EXERCISE OBJECTIVE: What follows is a listing; repeat exactly, and only, its lines from the one holding "立志式で迫力満点のプロレス　大田原中に「栃木プロレス」登場　諦めない姿…" through the last, leaving any pictures out.

THE DATA:
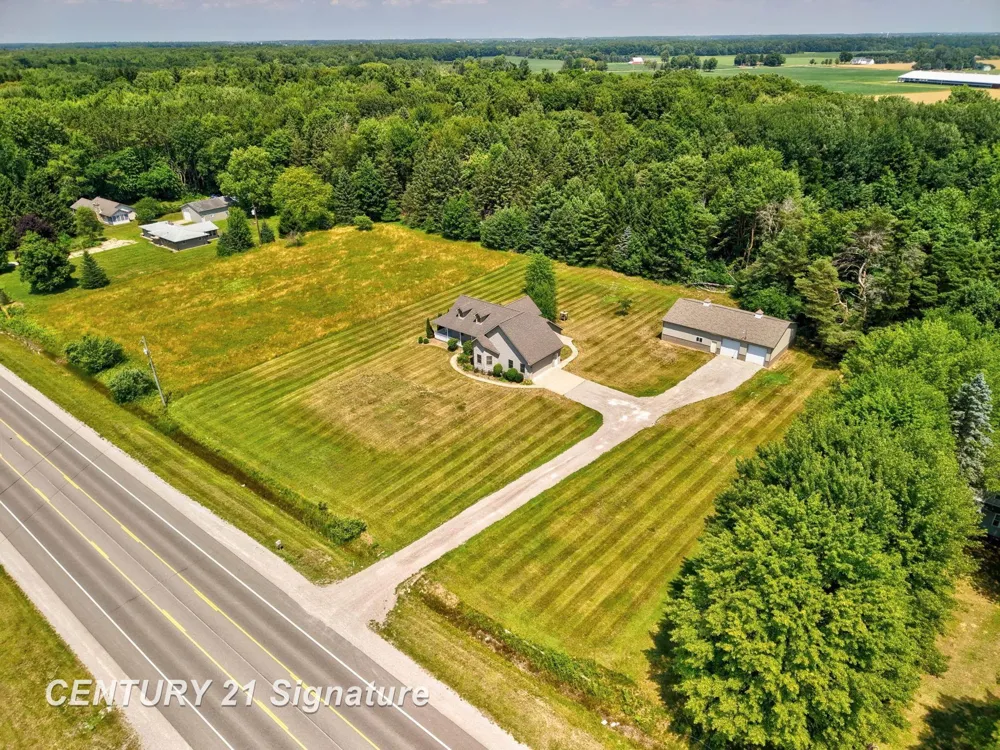 8605 Dixie Highway Birch Run Township, MI 48415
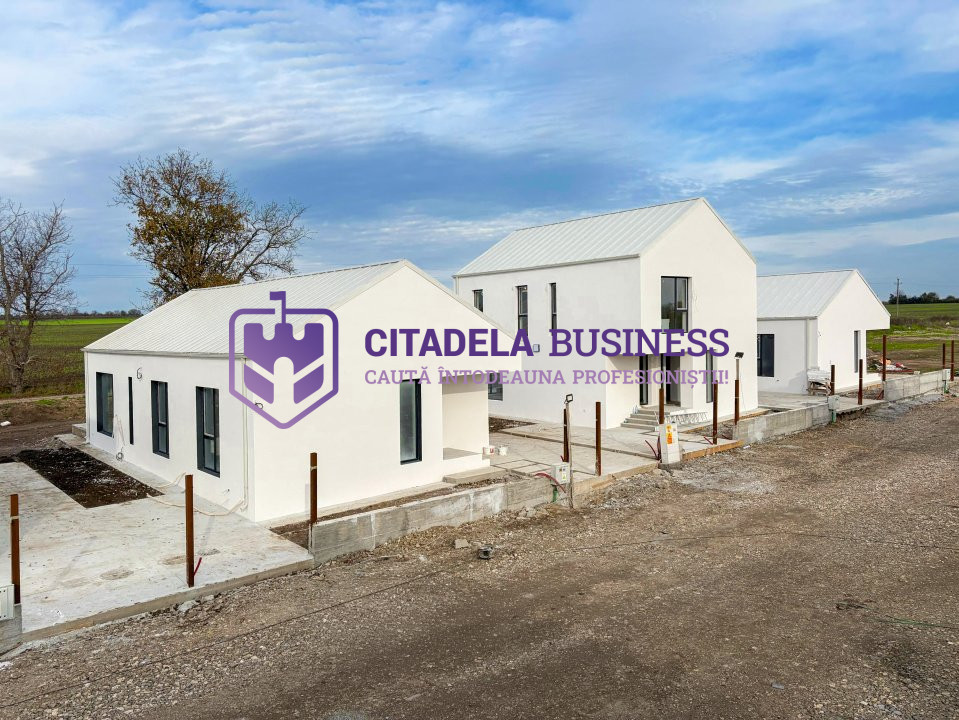 Vila P+1 in Valu lui Traian, pe partea dreapta - Avostar Villas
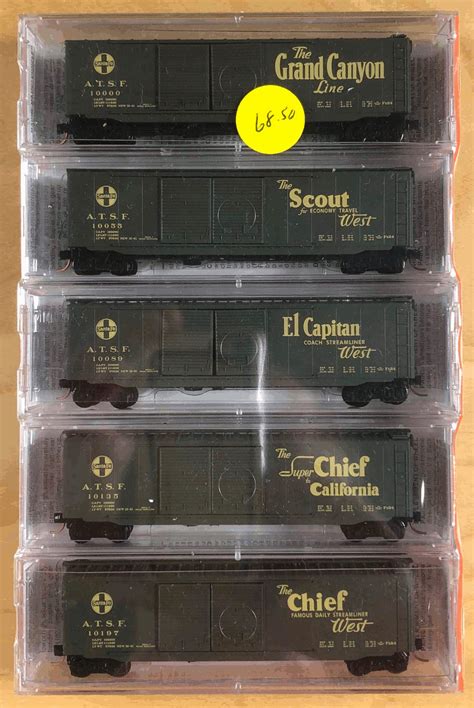 N Scale Micro Trains Boxcar Foot Steel Double D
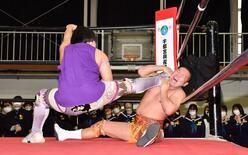 立志式で迫力満点のプロレス　大田原中に「栃木プロレス」登場　諦めない姿…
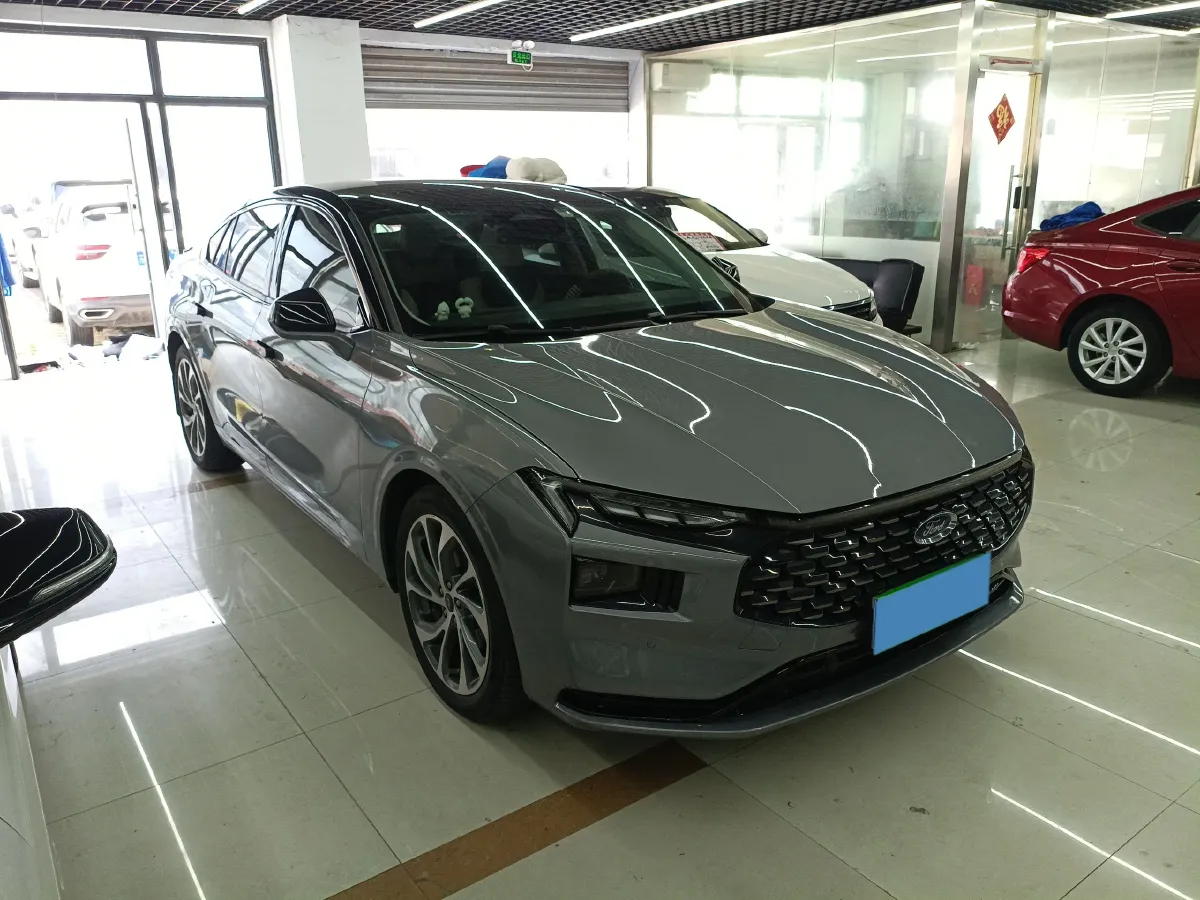 2022 Ford Mondeo 2.0T 238HP L4 8AT,autocango,china used car exporter,china ev exporter,chinese used car exporter,chinese used ev exporter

ANSWER TO THE EXERCISE:
 立志式で迫力満点のプロレス　大田原中に「栃木プロレス」登場　諦めない姿…
 2022 Ford Mondeo 2.0T 238HP L4 8AT,autocango,china used car exporter,china ev exporter,chinese used car exporter,chinese used ev exporter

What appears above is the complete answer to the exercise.